Although Tanabe is primarily a painter, he did not advocate for the development of a single form of art. Throughout his time at the Banff School, Tanabe was an important mentor for a number of artists working in a wide range of media and subject matter, including Alex de Cosson (b.1953), Jack Jeffrey, Cathryn McEwen, Annette Lodge, Marsha Stonehouse, and Barrie Szekely.  In light of his tremendous commitment to the program, the rigour and volume of Tanabe’s artistic production through this period is startling. It was during this time that the artist created works such as The Land 22/77, 1977, and The Dark Land 3/80, 1980—two of his most innovative works depicting the prairie landscape.

 

Takao Tanabe, The Dark Land 3/80, 1980, acrylic on canvas, 83.1 x 139.7 cm, Mira Godard Gallery, Toronto.

 

Tanabe wanted to balance the hard work of running the school with adding valuable experiences for the students and the visiting teachers. The Walter Phillips Gallery, launched in 1976 under Tanabe’s leadership, provided a professional exhibition space for the whole Banff community and an important venue for artists from both near and far. Tanabe revitalized the school throughout the 1970s, and today, the internationally respected Banff Centre for Arts and Creativity (as it is now known) is one of Canada’s leading arts, culture, and educational institutions.

 

After he left Banff, Tanabe became a key supporter of many artists active in Vancouver. As Landon Mackenzie (b.1954) notes: “Tak has been an important mentor in guiding me to be a serious artist, and to be generous with my peers, encouraging me to take a leadership role, when needed, in the celebration and recognition of other artists who have achieved something.

 

 

Advocacy and Renown

Governor General Adrienne Clarkson presents Tanabe with a Governor General’s Award in Visual and Media Arts during a ceremony at Rideau Hall in Ottawa, 2003, photograph by Dave Chan.

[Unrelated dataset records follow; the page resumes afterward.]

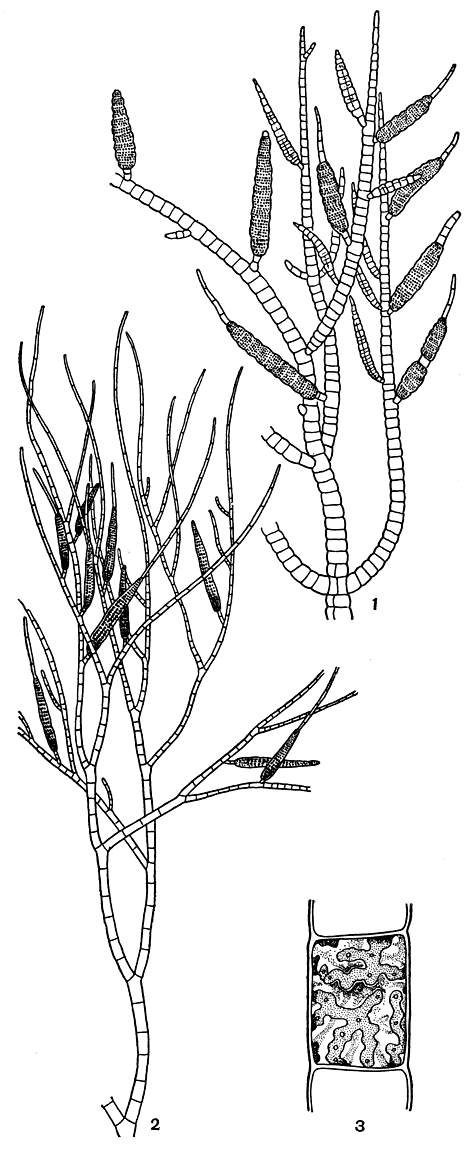 Рис. 122. Пилайелла прибрежная (Pylaiella litoralis) с многогнездными спорангиями (1); эктокарпус стручковатый (Ectocarpus siliculosus) с многогнездными спорангиями (2); клетка эктокарпуса с лентовидными хлоропластами (3)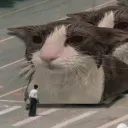 policemaster
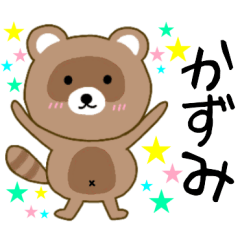 Raccoon Kazumi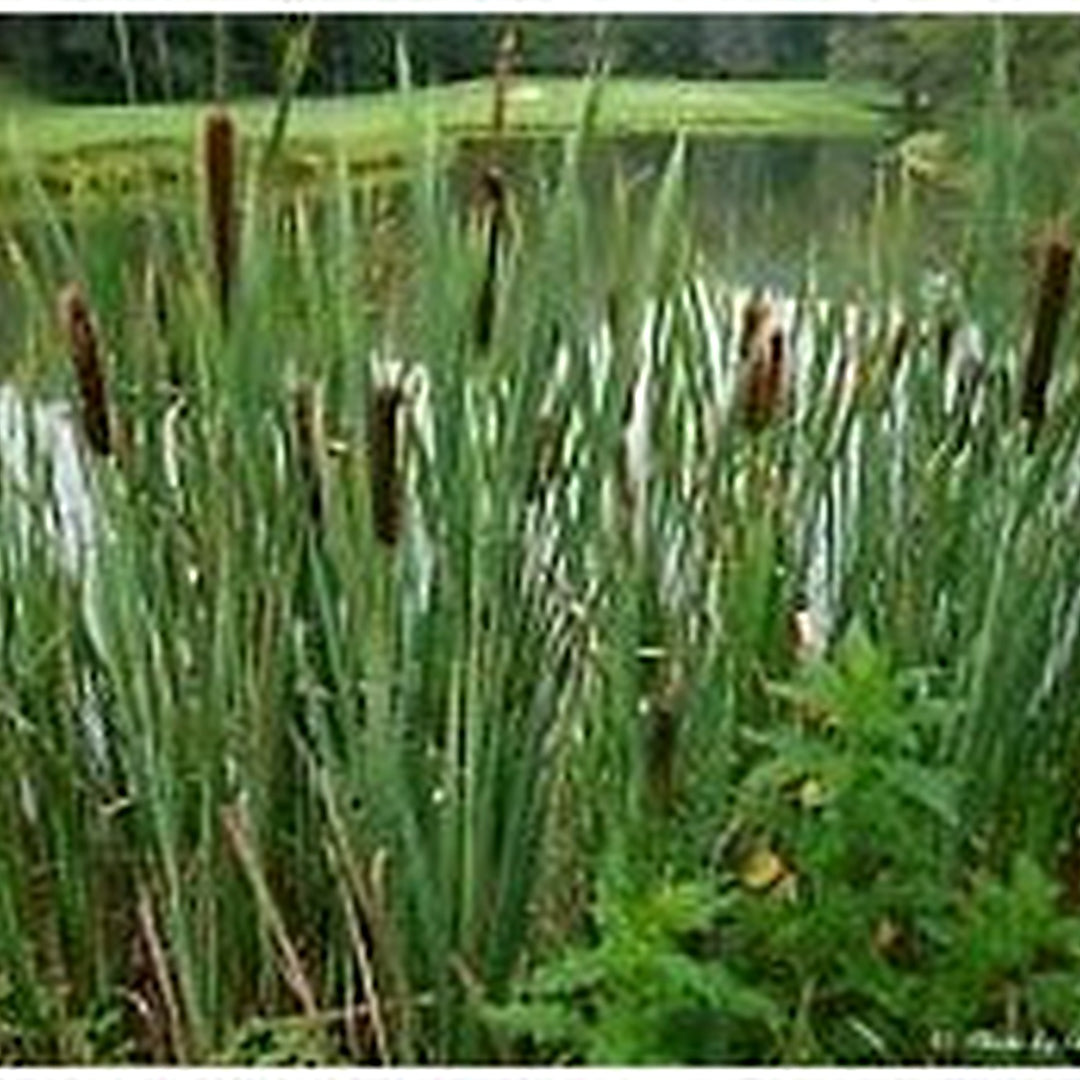 Green Cattail Plant Seeds for Planting [neera-v5-974d732c48b0f1221469]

In addition to Tanabe’s dedicated work as an educator, the artist is recognized for his exceptional advocacy for the visual arts. In the 1990s, he began his campaign to establish the Governor General’s Awards in Visual and Media Arts by canvassing individuals and institutions across the country and calling on the Canada Council for the Arts. Launched in 1999, the Governor General’s Awards are among this nation’s most prestigious prizes recognizing artistic achievement, excellence in fine craft, and contributions to contemporary art. Fittingly, in 2003 Tanabe was among the distinguished recipients.

 

He also played an instrumental role in inaugurating the Audain Prize, which recognizes the lifetime achievement of British Columbian artists. First awarded in 2004, Tanabe was the 2013 winner. The other awards he helped establish in British Columbia through the Art Gallery of Greater Victoria and in Ottawa through the National Gallery of Canada speak to the impact of Tanabe’s leadership and his generosity toward the next generation.

 

Although he has exhibited widely across his career, it was not until 2005 that a major retrospective, Takao Tanabe, was organized by the Vancouver Art Gallery and the Art Gallery of Greater Victoria. Opening in Victoria, the exhibition then travelled to the Vancouver Art Gallery, the Art Gallery of Nova Scotia in Halifax, and the McMichael Canadian Art Collection in Kleinburg, Ontario. The range of work revealed in the survey was surprising to many viewers. Critic Robin Laurence remarked on Tanabe’s “evolving relationship with the language of abstraction,” his “subtle and evocative depictions of the Canadian prairie,” and the “rainy, grey, mysterious vistas that speak of both primordial creation and primal awareness.  A second retrospective of works on paper (excluding prints), Chronicles of Form and Place: Works on Paper by Takao Tanabe, was organized by the Burnaby Art Gallery and the McMaster Museum of Art in 2011. As all these exhibitions reveal, Tanabe’s art continually challenges our assumptions about his work, the landscape, and how we see the world.

 

Takao Tanabe, Marsh, Magenta, 1964, acrylic on paper, 78.1 x 58.4 cm, Mira Godard Gallery, Toronto.
Takao Tanabe, Moni Vatopedi, Mount Athos, 1955, pastel on paper, 31.3 x 48.3 cm, Vancouver Art Gallery.